• _DESCRIPTION OF THE TASK_: Among the lines below, output only those between the line holding "Runners race in" and the line holding "Close-up of a", inclusive, exactly as written and with no pictures.

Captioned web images
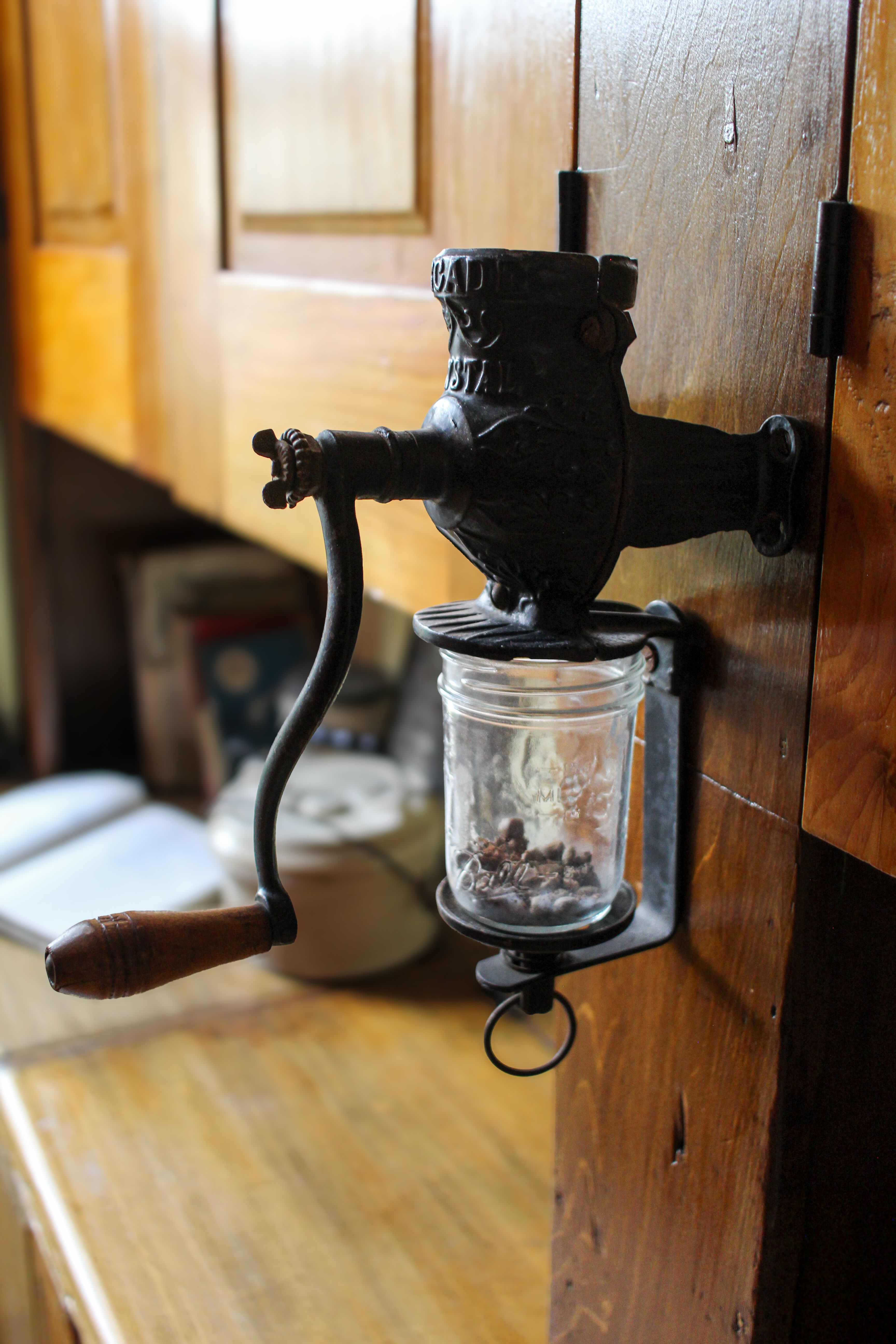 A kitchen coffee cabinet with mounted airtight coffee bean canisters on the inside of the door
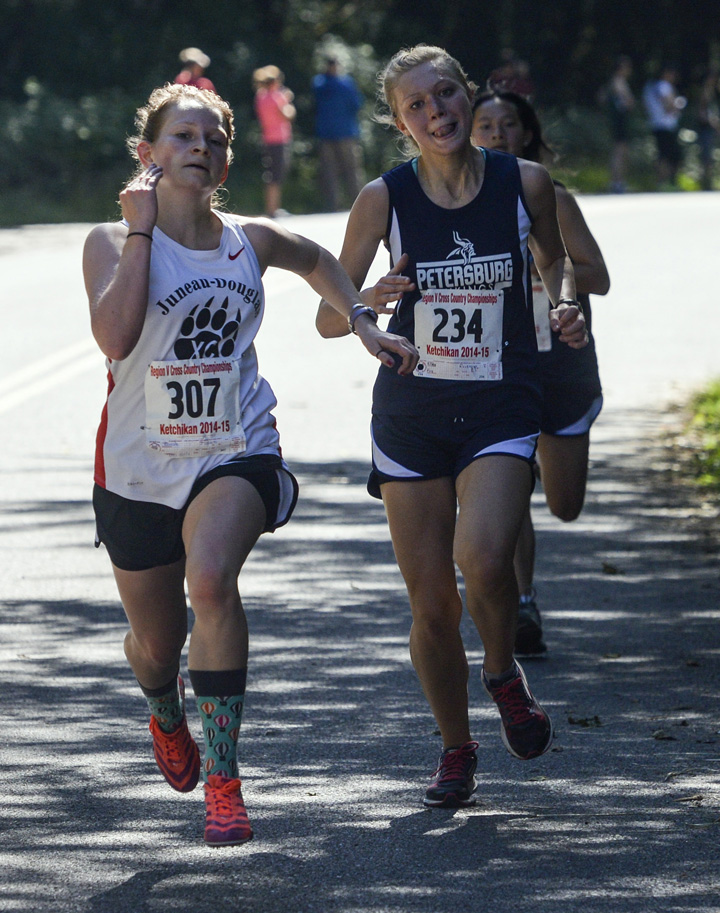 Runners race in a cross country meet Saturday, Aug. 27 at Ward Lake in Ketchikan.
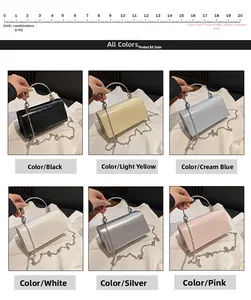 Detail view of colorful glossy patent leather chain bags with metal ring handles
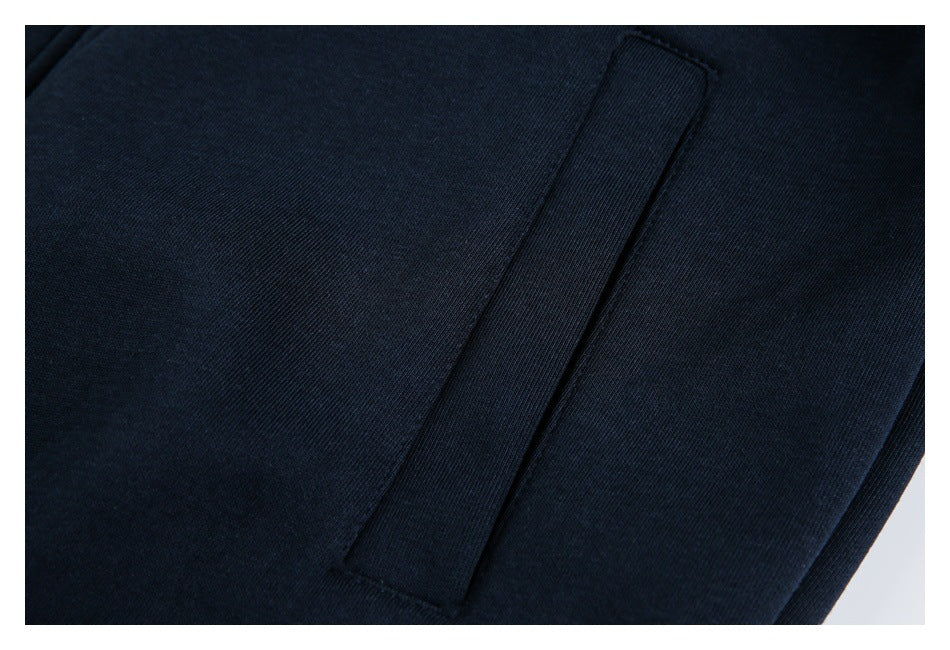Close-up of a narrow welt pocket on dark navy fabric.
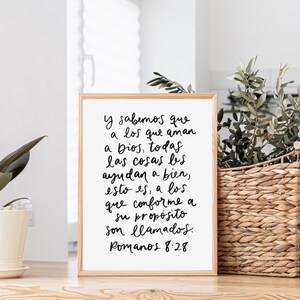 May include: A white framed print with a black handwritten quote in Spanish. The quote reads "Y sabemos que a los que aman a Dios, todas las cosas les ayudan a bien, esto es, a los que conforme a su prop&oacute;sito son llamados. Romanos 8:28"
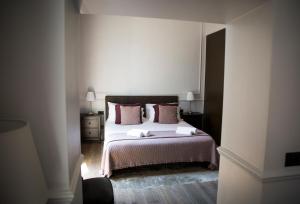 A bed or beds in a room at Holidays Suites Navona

• _FINISHED EXERCISE_:
 Runners race in a cross country meet Saturday, Aug. 27 at Ward Lake in Ketchikan.
 Detail view of colorful glossy patent leather chain bags with metal ring handles
Close-up of a narrow welt pocket on dark navy fabric.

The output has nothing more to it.